* [RFC 0/8] IB/srp: scaling and bug fixes for 2.6.38
@ 2010-12-23 21:55 David Dillow
2010-12-23 22:08 ` David Dillow
[not found] ` <1293141332-12318-1-git-send-email-dillowda-1Heg1YXhbW8@public.gmane.org>
0 siblings, 2 replies; 5+ messages in thread
From: David Dillow @ 2010-12-23 21:55 UTC (permalink / raw)
To: linux-rdma; +Cc: linux-scsi, Bart Van Assche
[ Sorry to break threading, I botched things when editing the cover
letter to add an attachment... ]
The first patch in this series fixes a longstanding issue where we crash if we
use sg_reset to perform a bus reset, but haven't sent enough commands to
initialize all of our request structures. The remaining patches break up Bart
Van Assche's lock scaling work, and add a few optimizations on top.
The scaling work looks to have paid off pretty well. All tests were conducted
over a QDR link between two Dell R410s with 2.6GHz Xeons. To push any possible
bottlenecks to the initiator, the test target was stripped down to not transfer
the requests data -- it simply response to the command as though it had.

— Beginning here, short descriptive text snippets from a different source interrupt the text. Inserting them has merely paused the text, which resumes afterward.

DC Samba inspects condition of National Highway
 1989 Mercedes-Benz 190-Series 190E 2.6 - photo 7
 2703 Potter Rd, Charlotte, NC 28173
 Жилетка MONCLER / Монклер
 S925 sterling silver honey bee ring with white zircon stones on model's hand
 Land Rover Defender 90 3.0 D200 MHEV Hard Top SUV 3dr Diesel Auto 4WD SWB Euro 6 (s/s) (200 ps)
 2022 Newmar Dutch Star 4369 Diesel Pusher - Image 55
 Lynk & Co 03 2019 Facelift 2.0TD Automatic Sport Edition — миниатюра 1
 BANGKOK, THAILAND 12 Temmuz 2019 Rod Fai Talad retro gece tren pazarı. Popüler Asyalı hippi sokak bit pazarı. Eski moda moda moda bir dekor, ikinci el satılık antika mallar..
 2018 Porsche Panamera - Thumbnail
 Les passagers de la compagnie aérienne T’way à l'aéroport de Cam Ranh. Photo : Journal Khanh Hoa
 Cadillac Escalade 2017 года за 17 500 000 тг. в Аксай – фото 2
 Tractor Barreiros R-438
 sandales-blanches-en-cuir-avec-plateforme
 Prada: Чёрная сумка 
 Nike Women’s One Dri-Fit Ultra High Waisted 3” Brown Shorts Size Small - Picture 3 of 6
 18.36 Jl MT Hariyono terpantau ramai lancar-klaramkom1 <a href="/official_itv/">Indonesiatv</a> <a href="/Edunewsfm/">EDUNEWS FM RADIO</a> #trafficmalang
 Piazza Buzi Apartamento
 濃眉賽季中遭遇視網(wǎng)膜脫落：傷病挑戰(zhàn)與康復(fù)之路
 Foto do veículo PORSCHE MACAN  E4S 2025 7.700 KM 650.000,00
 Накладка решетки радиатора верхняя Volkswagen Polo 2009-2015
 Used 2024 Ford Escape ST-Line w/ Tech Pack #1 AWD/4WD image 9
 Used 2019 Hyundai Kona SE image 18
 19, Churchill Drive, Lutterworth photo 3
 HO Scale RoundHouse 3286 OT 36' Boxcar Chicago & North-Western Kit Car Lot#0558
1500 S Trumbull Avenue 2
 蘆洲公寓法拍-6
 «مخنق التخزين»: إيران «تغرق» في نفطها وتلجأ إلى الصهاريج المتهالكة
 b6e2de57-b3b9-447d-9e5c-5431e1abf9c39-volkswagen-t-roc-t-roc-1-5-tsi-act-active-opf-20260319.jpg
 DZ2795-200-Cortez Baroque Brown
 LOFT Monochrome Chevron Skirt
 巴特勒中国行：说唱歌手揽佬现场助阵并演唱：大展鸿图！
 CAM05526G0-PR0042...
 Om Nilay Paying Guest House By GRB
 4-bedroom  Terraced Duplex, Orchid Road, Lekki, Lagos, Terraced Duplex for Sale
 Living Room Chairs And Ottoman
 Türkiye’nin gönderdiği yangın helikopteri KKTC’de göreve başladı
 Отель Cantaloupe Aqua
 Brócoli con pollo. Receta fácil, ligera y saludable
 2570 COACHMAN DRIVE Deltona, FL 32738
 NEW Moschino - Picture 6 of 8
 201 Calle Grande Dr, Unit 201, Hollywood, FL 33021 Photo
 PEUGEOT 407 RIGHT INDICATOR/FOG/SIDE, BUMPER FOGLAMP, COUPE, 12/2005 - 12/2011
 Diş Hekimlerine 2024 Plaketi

For fio driving one LUN using the SG engine, refactoring the locking using
patches 2 through 6 give a 30% increase in command throughput from 16 to 64
threads, while allowing similar (within the noise) or slight improvements for 1
to 8 threads and 128 threads and above. Unsharing the lock (patch 7) with the
SCSI mid-layer hurts a bit for the single thread case (~2%) but gives an
additional 1 to 6% with more than one thread. Cache optimization (patch 8)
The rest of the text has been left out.